In MarkLogic Server, when you delete a document, it is not removed from disk immediately as that document's fragments are instead marked as "obsolete." Marking a document as obsolete tags its fragments for later removal, and also hides its fragments from subsequent query results. Updates happen in a similar way, where instead of updating in-place, MarkLogic Server marks the old versions of the fragments in an old stand as "obsolete" for later deletion, while also creating new versions of those fragments in a new stand (initially an in-memory stand, which is eventually written down as a new on-disk stand).
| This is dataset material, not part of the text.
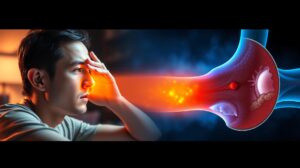 Nistagmus nedir - hasta belirti gosterimi ve anatomik kesit illustrasyonu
Eventually, merges occur to move any unchanged fragments from an old stand into a new stand. Old fragments marked obsolete are ultimately deleted after the merge creating the new stand finishes, where the old stands that were used as input into that merge are finally removed from disk. Merging is very important - this is the mechanism by which MarkLogic Server both frees up disk space and optimizes its on-disk data structures, as well as reduces the number of fragments evaluated during its queries and searches.
Note that for a merge-min-ratio of n, you can expect up to 1/(n+1) of a stand to be deleted fragments before the stand is automatically merged. See Overview of the Merge Policy Controls.
While lazy deletion results in faster updates and deletes, be aware that residual impacts can be seen in terms of both disk space and query performance if merges are not done in a timely manner.